Assignment -
Starting with the line that contains "Quartz var. Smoky" and ending with the last line of the listing, print each line exactly. Pictures stay out.

Available records -
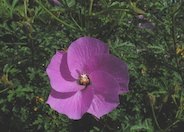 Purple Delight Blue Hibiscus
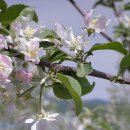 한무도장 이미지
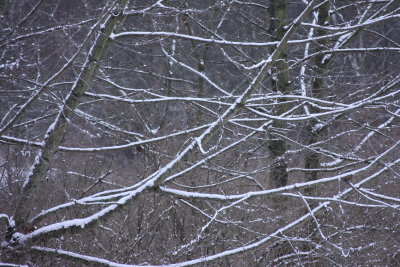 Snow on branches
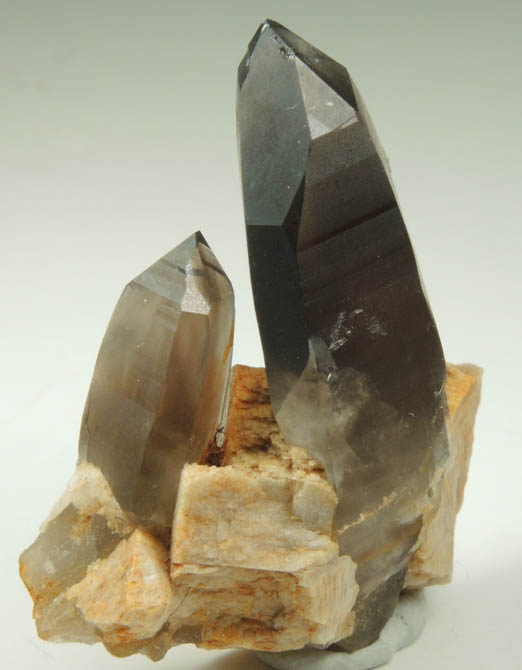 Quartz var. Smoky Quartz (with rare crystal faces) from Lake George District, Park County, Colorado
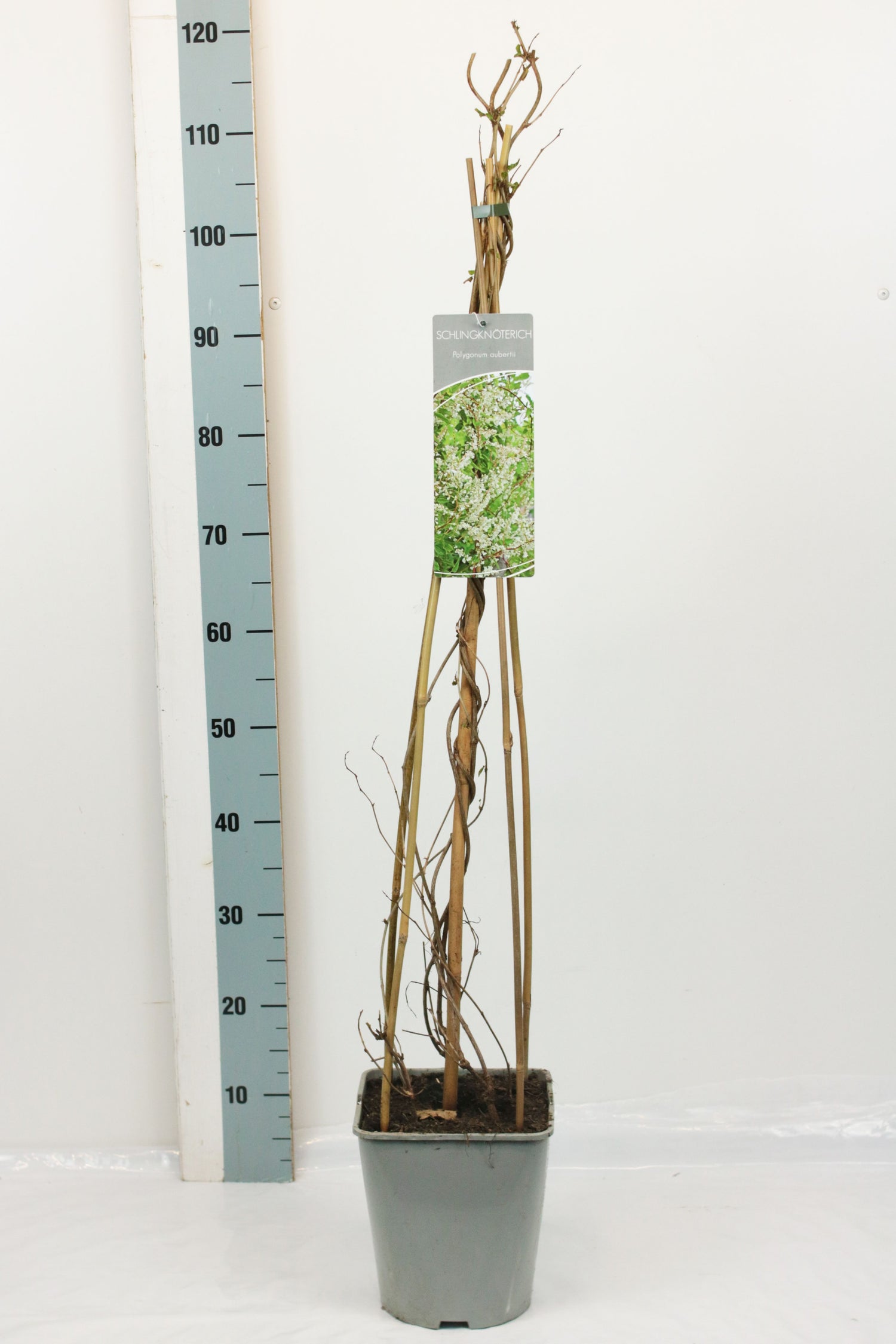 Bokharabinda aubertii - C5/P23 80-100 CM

Worked solution -
 Quartz var. Smoky Quartz (with rare crystal faces) from Lake George District, Park County, Colorado
 Bokharabinda aubertii - C5/P23 80-100 CM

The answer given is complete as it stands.